Spaces of rational loops on a real projective space (Q2701689)

Let \(\text{Rat}_n(m)\) denote the space of rational maps from \(\mathbb{C} P^1\) to \(\mathbb{C} P^m\) given by a polynomial of degree \(n\) that sends the point \(\infty\in \mathbb{C} P^1\) to a fixed point in \(\mathbb{C} P^m\). Let \((\Omega^2 \mathbb{C} P^m)_n\) be the component of the double loop space \(\Omega^2 \mathbb{C} P^m\) which parametrizes maps of degree \(n\). \textit{G. Segal} [Acta Math. 143, 39-72 (1979; Zbl 0427.55006)], proved that the natural inclusion of \(\text{Rat}_n(m)\) in \((\Omega^2 \mathbb{C} P^m)_n\) is a homotopy equivalence up to dimension \(n(2m-1)\).
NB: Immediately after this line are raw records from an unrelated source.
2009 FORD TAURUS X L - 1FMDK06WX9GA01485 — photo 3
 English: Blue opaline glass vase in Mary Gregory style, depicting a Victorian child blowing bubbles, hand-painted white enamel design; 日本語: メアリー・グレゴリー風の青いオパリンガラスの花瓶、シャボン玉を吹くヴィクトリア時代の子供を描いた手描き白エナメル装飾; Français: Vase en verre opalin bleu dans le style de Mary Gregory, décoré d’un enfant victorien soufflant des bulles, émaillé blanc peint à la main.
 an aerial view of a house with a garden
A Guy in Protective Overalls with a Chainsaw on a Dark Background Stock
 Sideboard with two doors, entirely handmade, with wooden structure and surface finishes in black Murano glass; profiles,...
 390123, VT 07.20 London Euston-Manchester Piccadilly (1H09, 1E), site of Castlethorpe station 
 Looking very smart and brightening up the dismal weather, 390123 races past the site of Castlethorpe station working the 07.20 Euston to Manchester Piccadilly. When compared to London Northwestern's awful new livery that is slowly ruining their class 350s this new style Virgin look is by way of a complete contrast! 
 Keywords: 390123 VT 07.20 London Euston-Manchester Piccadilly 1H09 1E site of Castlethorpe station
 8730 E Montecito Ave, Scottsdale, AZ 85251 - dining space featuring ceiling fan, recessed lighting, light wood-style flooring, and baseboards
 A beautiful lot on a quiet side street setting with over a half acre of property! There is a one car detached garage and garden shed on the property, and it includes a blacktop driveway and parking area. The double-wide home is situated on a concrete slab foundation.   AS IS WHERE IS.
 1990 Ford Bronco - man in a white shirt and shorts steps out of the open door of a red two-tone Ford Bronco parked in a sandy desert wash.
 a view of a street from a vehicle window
Denote by \(\mathbb{R} \text{Rat}_n(m)\) the subspace of \(\text{Rat}_n(m)\) of maps which commute with complex conjugation and by \textbf{rat}\(_n(m)\) the closure of \(\mathbb{R} \text{Rat}_n(m)\) in \(\Omega \mathbb{R} P^m\). The author proves that the space \textbf{rat}\(_n(1)\) consists of \(n+1\) contractible components and if \(m>1\) the natural inclusion \textbf{rat}\(_n(m) \subset(\Omega \mathbb{R} P^m)_{n\bmod 2}\) is a homotopy equivalence up to dimension \(n(m-1)\). The proof goes along the line of Segal's proof, however the technique involved (configuration spaces, action of the \(\pi_1(\mathbf{rat}_n(2)\)) on higher homotopy groups,\dots) seems to be of independent interest.